ICNet for Real-Time Semantic Segmentation on High-Resolution Images

We focus on the challenging task of real-time semantic segmentation in this paper. It finds many practical applications and yet is with fundamental difficulty of reducing a large portion of computation for pixel-wise label inference. We propose an image cascade network (ICNet) that incorporates multi-resolution branches under proper label guidance to address this challenge. We provide in-depth analysis of our framework and introduce the cascade feature fusion unit to quickly achieve high-quality segmentation. Our system yields real-time inference on a single GPU card with decent quality results evaluated on challenging datasets like Cityscapes, CamVid and COCO-Stuff.

Facelet-Bank for Fast Portrait Manipulation

Digital face manipulation has become a popular and fascinating way to touch images with the prevalence of smartphones and social networks. With a wide variety of user preferences, facial expressions, and accessories, a general and flexible model is necessary to accommodate different types of facial editing. In this paper, we propose a model to achieve this goal based on an end-to-end convolutional neural network that supports fast inference, edit-effect control, and quick partial-model update. In addition, this model learns from unpaired image sets with different attributes. Experimental results show that our framework can handle a wide range of expressions, accessories, and makeup effects. It produces high-resolution and high-quality results in fast speed.

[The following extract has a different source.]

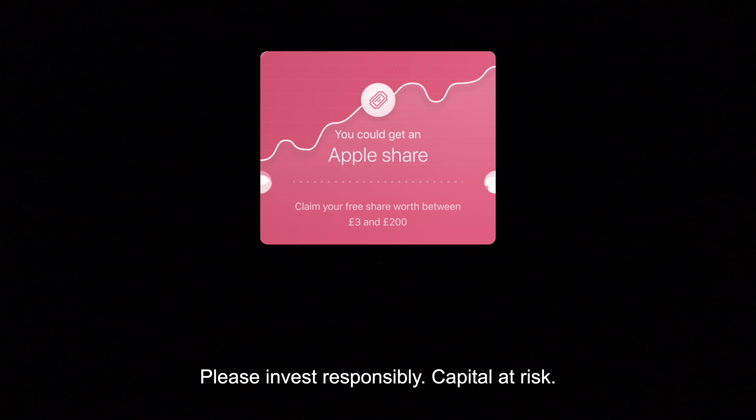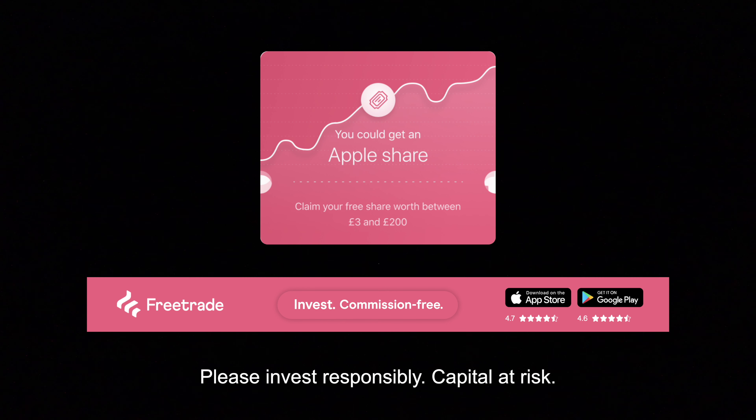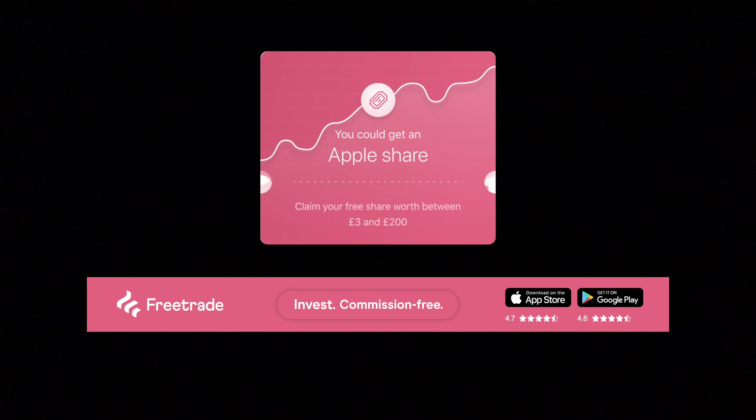This video is kindly being sponsored by Freetrade. If you want to try your hand at investing in the financial markets from as little as £2, you can get a free share worth up to £200 by signing up to Freetrade using the link in the video description below.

Scale-recurrent Network for Deep Image Deblurring

In single image deblurring, the "coarse-to-fine" scheme, i.e. gradually restoring the sharp image on different resolutions in a pyramid, is very successful in both traditional optimization-based methods and recent neural-network-based approaches. In this paper, we investigate this strategy and propose a Scale-recurrent Network (SRN-DeblurNet) for this deblurring task. Compared with the many recent learning-based approaches in [25], it has a simpler network structure, a smaller number of parameters and is easier to train. We evaluate our method on large-scale deblurring datasets with complex motion. Results show that our method can produce better quality results than state-of-the-arts, both quantitatively and qualitatively.

Automatic Real-time Background Cut for Portrait Videos

We in this paper solve the problem of high-quality automatic real-time background cut for 720p portrait videos. We first handle the background ambiguity issue in semantic segmentation by proposing a global background attenuation model. A spatial-temporal refinement network is developed to further refine the segmentation errors in each frame and ensure temporal coherence in the segmentation map. We form an end-to-end network for training and testing. Each module is designed considering efficiency and accuracy. We build a portrait dataset, which includes 8,000 images with high-quality labeled map for training and testing. To further improve the performance, we build a portrait video dataset with 50 sequences to fine-tune video segmentation. Our framework benefits many video processing applications.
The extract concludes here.